Problem: Please give back, exactly as written, the lines from the line with "کلینیک پوست مو زیبایی ولاغری دکتر عقدائی" to the line with "Immunohistochemistry: RFC2 Antibody" in the listing below, leaving out all pictures.

Data extract:
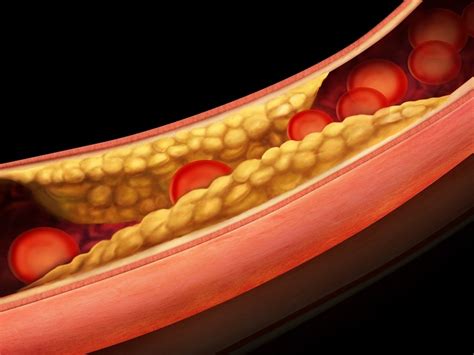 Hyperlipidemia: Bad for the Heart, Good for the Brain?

---

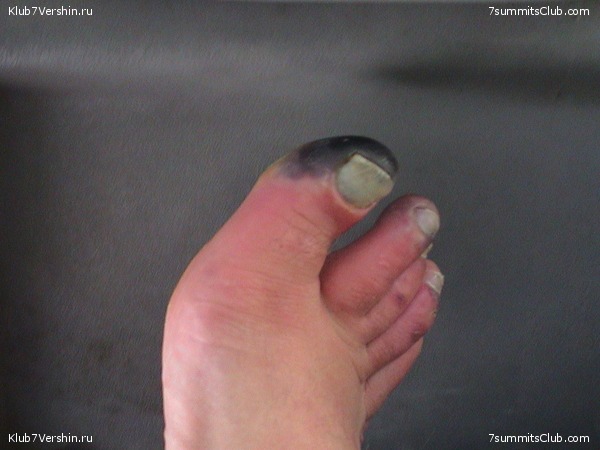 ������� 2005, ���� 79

---

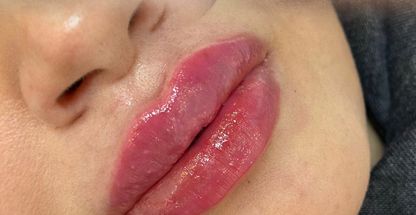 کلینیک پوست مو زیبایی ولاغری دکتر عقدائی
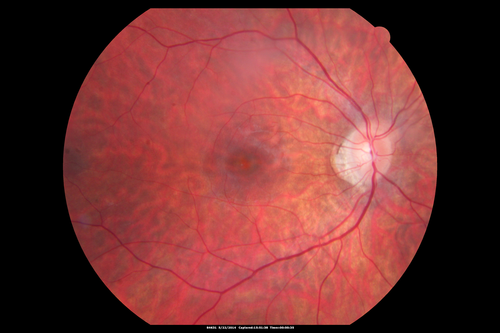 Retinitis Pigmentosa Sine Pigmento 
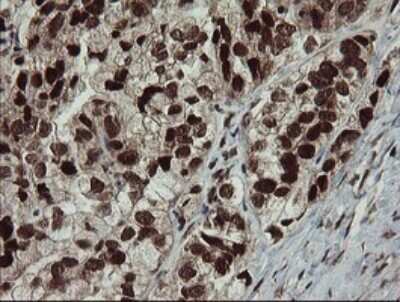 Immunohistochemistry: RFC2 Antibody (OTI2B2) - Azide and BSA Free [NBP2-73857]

Solution to the exercise:
 کلینیک پوست مو زیبایی ولاغری دکتر عقدائی
 Retinitis Pigmentosa Sine Pigmento 
 Immunohistochemistry: RFC2 Antibody (OTI2B2) - Azide and BSA Free [NBP2-73857]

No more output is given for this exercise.